Terry Zink posted two informative blog posts recently, the first being the change to unauthenticated mail sent over IPv6 to EOP and the second post about EOP (Office365 and Exchange Hosting) and Outlook.com/Hotmail infrastructure converging.
Exchange Online Protection (EOP) is the filtering system in place for Office 365 and hosted Exchange customers. Outlook.com/Hotmail utilized its own mail filtering system and provides SNDS/JMRP programs. EOP is setup for redundancy, failover, provides geo-region servers to serve customers, and has supported TLS for over a decade. Terry explains that Hotmail’s spam filtering technology is more advanced than EOP’s, but EOP’s backend platform is more advanced. The process to convert Outlook.com/Hotmail to use EOP’s filtering system started six months ago and is still a work in progress. Once completed, Outlook.com/Hotmail and Office365/EOP will share the same UX look and feel. The anti-spam technologies will be able to be shared between the two as they will share the same backend infrastructure.

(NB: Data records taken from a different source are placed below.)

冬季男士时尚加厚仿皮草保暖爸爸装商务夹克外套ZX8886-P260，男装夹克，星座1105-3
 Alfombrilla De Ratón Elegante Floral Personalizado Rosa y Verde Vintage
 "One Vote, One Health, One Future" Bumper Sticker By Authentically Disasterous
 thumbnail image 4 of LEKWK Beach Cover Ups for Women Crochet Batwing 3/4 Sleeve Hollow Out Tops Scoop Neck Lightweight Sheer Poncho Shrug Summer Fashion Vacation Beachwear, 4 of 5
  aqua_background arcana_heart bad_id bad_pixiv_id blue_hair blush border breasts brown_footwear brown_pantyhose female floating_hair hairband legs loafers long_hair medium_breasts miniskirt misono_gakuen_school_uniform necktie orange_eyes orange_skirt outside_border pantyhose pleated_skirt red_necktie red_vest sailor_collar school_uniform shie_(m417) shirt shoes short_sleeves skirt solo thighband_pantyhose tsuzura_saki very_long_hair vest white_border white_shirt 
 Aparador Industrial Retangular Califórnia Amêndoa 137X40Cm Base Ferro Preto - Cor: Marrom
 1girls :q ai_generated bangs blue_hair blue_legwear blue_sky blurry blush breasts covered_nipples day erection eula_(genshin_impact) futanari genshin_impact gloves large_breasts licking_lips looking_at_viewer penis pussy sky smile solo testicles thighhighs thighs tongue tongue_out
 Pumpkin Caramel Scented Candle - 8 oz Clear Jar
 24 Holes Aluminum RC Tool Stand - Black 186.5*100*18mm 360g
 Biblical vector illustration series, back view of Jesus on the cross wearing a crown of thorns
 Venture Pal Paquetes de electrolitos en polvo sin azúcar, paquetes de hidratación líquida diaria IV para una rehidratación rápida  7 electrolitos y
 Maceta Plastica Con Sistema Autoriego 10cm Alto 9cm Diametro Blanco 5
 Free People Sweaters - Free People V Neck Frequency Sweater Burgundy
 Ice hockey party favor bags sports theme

Some of the challenges of merging the two systems include:
- Outlook.com/Hotmail displays a green shield for senders who are heavily spoofed but authenticate, Outlook Web Access (Office365/EOP) currently does not.
- Improving backscatter protection so that when a spammer spoofs your email address and the receiving mail server sends an NDR, the NDR does not go to your inbox since you did not send the original message.
- EOP and Outlook.com/Hotmail both support DMARC, but handles them differently.
- EOP currently does not send DMARC reports and fixes need to be made to the MTA so that they will be sent. Outlook.com/Hotmail currently sends DMARC reports.
- EOP has DKIM-signing on the public road map and once Outlook.com/Hotmail is converted to EOP, they would like to enable DKIM signing for Outlook.com/Hotmail too.
Terry also mentioned that he is non-committal on whether or not Outlook.com/Hotmail will publish a p=reject DMARC report. He mentioned there are many considerations that must be factored before making a decision but has not ruled out the possibility. In the comments, someone asked about the impact to the SNDS and JMRP programs with the transition of Outlook.com/Hotmail to EOP and Terry says there will be no impact in the near term and they would like to include EOP into Hotmail’s SNDR/JMRP program.